At the moment building from source is the only option to install the tool. To build the tool the Rust stable (>= 1.75) toolchain is required, and can be downloaded with the following commands:

Linux/Mac

curl --proto '=https' --tlsv1.2 -sSf https://sh.rustup.rs | sh
rustup toolchain install stable

Windows

Follow the instructions at the site: https://rustup.rs/

The building process was not tested on windows, but it should work with minor tweaks.

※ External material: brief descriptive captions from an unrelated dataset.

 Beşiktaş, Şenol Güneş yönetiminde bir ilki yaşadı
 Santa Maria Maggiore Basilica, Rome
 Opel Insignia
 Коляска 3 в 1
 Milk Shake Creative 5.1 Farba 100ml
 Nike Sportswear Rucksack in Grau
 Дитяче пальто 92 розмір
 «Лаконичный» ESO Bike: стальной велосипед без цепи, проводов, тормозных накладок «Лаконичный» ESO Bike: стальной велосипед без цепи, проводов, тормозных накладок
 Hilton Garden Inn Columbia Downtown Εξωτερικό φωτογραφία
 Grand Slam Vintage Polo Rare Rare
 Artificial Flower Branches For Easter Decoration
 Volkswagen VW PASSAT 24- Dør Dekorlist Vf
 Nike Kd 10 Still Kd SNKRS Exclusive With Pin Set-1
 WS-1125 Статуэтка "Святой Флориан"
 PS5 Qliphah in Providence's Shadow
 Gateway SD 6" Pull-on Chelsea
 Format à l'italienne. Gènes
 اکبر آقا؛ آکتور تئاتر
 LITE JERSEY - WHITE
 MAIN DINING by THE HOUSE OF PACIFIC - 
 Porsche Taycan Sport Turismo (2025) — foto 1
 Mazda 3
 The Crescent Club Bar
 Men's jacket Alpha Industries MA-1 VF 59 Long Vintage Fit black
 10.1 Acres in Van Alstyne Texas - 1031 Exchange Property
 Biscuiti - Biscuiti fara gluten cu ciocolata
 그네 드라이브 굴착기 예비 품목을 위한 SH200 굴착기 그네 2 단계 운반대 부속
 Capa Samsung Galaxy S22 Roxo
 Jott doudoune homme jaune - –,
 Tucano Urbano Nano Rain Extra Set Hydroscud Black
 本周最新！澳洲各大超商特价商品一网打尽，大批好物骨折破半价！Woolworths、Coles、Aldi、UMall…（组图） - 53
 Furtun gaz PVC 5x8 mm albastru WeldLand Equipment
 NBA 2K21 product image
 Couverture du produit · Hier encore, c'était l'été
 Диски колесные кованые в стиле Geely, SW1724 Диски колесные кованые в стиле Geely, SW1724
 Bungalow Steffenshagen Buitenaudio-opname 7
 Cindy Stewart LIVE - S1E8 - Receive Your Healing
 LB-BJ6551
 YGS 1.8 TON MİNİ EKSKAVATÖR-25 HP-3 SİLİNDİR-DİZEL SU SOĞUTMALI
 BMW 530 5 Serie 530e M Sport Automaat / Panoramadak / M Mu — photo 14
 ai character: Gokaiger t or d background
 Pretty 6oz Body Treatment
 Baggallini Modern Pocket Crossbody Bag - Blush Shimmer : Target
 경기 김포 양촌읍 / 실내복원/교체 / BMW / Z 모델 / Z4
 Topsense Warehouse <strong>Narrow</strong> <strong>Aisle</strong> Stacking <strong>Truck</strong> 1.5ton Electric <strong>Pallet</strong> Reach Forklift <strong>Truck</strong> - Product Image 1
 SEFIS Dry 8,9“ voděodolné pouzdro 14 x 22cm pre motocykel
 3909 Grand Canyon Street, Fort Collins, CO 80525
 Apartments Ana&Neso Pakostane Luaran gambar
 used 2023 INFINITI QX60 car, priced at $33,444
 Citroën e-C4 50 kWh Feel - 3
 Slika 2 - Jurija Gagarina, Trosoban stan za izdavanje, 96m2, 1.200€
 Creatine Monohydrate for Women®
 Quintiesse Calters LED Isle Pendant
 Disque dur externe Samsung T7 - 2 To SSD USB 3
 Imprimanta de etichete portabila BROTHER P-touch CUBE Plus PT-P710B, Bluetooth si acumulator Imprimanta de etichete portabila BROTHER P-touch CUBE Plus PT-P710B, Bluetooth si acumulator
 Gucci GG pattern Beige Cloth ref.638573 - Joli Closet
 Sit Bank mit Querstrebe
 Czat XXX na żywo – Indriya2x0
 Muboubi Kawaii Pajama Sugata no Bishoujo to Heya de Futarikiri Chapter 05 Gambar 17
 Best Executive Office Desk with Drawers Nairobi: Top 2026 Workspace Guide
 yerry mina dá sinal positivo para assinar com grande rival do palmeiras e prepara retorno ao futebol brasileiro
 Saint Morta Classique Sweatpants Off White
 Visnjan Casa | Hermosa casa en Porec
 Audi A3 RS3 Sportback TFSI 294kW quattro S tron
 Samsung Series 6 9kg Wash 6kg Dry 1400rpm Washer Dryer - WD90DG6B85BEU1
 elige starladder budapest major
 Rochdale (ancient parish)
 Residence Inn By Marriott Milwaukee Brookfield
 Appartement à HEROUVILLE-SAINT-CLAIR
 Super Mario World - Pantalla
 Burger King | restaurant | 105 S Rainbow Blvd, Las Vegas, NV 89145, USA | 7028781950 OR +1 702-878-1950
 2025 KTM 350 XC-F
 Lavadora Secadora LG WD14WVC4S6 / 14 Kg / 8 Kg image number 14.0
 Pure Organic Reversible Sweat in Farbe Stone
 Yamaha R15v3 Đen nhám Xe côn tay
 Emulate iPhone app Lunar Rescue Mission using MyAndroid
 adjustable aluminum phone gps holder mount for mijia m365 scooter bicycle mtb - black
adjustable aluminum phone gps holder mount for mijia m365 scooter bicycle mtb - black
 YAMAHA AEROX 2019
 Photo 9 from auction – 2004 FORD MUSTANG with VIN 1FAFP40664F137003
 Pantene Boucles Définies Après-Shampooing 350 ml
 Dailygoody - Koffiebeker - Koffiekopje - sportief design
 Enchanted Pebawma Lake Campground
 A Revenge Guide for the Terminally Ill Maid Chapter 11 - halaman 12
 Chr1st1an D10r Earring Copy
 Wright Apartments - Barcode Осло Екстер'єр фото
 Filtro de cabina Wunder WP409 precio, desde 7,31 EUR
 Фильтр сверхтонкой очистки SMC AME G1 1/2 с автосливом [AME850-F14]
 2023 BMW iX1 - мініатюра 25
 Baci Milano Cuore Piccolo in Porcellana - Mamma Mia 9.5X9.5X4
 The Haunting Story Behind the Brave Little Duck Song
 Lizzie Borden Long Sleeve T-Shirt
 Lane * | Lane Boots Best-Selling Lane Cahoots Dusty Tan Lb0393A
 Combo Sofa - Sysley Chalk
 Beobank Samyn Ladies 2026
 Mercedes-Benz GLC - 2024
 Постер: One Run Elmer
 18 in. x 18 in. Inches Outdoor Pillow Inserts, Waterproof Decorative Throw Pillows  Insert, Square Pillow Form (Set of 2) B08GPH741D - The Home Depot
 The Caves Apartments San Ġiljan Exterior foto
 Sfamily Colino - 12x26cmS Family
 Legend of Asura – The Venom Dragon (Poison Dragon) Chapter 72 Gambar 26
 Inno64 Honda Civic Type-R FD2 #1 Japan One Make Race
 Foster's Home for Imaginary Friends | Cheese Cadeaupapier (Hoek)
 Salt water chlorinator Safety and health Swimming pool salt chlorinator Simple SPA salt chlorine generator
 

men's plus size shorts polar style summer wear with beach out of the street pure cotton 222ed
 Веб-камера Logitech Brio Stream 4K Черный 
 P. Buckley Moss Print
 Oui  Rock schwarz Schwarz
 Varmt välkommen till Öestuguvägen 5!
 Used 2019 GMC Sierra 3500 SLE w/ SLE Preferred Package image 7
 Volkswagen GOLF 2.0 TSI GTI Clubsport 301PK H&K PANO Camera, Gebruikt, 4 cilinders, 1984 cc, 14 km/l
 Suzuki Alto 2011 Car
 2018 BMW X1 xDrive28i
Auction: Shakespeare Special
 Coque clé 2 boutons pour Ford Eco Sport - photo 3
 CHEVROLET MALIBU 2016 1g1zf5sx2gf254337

Additional opt-in features

Additional features can be enabled by specifying them in the command line while building/installing GGCAT (ex. --features "feature1,feature2"):

  • kmer-counters: Adds kmer abundance for each unitig, in a BCALM2 compatible format. If enabled GGCAT uses more memory while building colored graphs

Building

Then the tool can be installed with the commands:

git clone https://github.com/algbio/ggcat --recursive
cd ggcat/
cargo install --path crates/cmdline/ --locked

the binary is automatically copied to $HOME/.cargo/bin

To launch the tool directly from the command line, the above directory should be added to the $PATH variable.

Experimental API

GGCAT has an experimental API for Rust and C++.

Rust

Add a dependency to the crates/api/ crate to use it in your project. Check crates/api/example for usage examples.

C++

Run the makefile inside crates/capi/ggcat-cpp-api to build the library. Check crates/capi/ggcat-cpp-api/example for usage examples.

Citing

If you use GGCAT in your research, please cite the following article:

Extremely-fast construction and querying of compacted and colored de Bruijn graphs with GGCAT Andrea Cracco, Alexandru I. Tomescu Genome Research gr.277615.122; doi: https://doi.org/10.1101/gr.277615.122

If you use a matchtigs/eulertigs output, please also cite the following articles:

Matchtigs: minimum plain text representation of kmer sets Sebastian Schmidt, Shahbaz Khan, Jarno Alanko, Alexandru I. Tomescu bioRxiv 2021.12.15.472871; doi: https://doi.org/10.1101/2021.12.15.472871

Eulertigs: minimum plain text representation of k-mer sets without repetitions in linear time Sebastian Schmidt and Jarno N. Alanko WABI 2022. 10.4230/LIPIcs.WABI.2022.2.